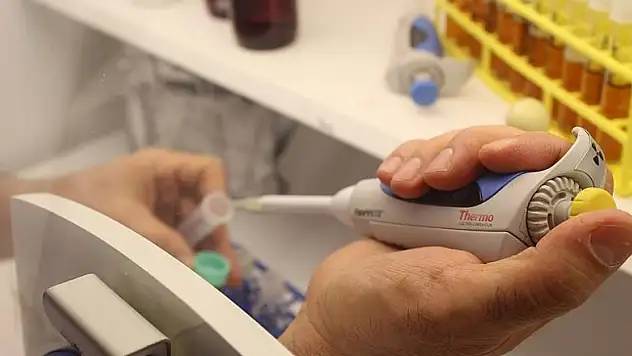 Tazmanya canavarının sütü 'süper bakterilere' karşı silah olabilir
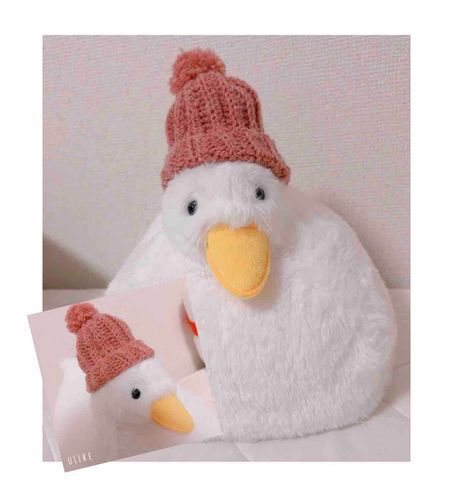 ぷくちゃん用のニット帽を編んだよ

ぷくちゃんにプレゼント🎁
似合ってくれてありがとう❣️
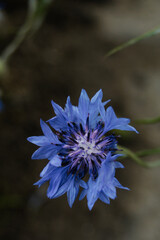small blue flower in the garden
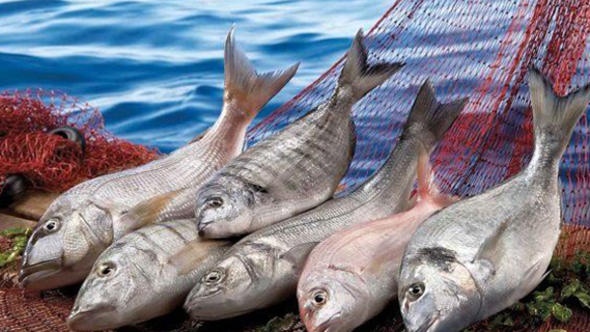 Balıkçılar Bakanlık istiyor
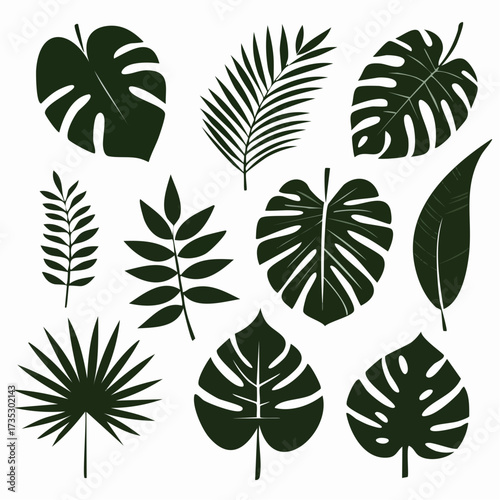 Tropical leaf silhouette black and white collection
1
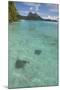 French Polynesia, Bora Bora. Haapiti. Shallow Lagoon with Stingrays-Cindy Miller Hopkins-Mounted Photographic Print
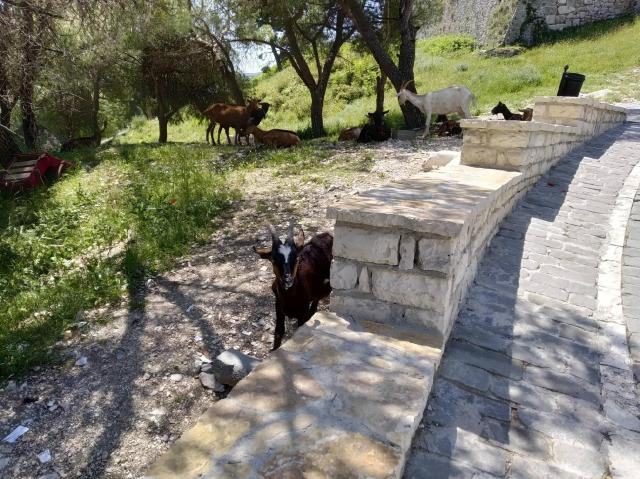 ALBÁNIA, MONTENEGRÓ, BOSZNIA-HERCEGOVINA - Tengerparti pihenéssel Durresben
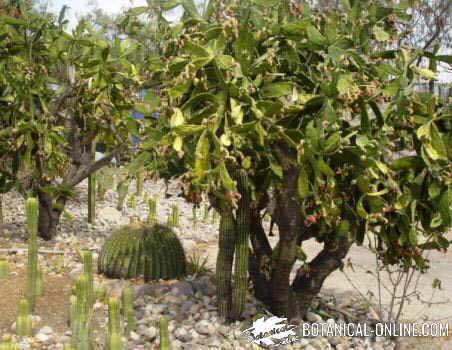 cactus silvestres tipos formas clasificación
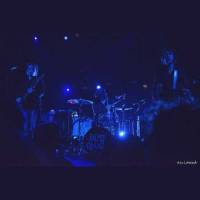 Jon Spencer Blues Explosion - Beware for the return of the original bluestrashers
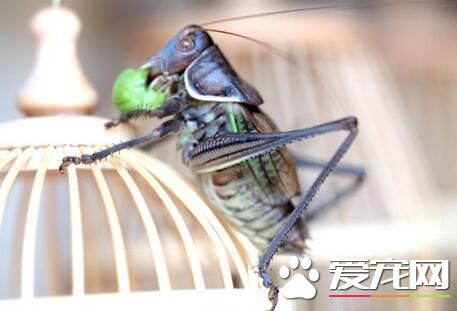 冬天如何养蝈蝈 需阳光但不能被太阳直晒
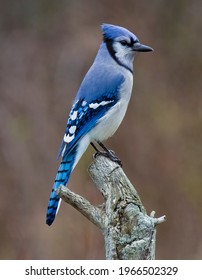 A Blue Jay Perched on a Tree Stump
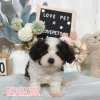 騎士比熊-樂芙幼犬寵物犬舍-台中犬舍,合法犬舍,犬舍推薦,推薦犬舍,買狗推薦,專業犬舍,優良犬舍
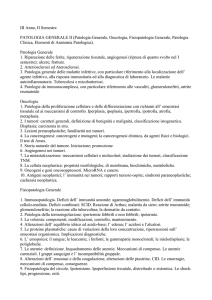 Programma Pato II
* * * *
HOW TO COMPLETE THIS TASK ▸
If an entry contains an image, please omit that image and print everything else verbatim.

FINAL ANSWER ▸
 Tazmanya canavarının sütü 'süper bakterilere' karşı silah olabilir
 ぷくちゃん用のニット帽を編んだよ

ぷくちゃんにプレゼント🎁
似合ってくれてありがとう❣️
small blue flower in the garden
 Balıkçılar Bakanlık istiyor
 Tropical leaf silhouette black and white collection
1
 French Polynesia, Bora Bora. Haapiti. Shallow Lagoon with Stingrays-Cindy Miller Hopkins-Mounted Photographic Print
 ALBÁNIA, MONTENEGRÓ, BOSZNIA-HERCEGOVINA - Tengerparti pihenéssel Durresben
 cactus silvestres tipos formas clasificación
 Jon Spencer Blues Explosion - Beware for the return of the original bluestrashers
 冬天如何养蝈蝈 需阳光但不能被太阳直晒
 A Blue Jay Perched on a Tree Stump
 騎士比熊-樂芙幼犬寵物犬舍-台中犬舍,合法犬舍,犬舍推薦,推薦犬舍,買狗推薦,專業犬舍,優良犬舍
 Programma Pato II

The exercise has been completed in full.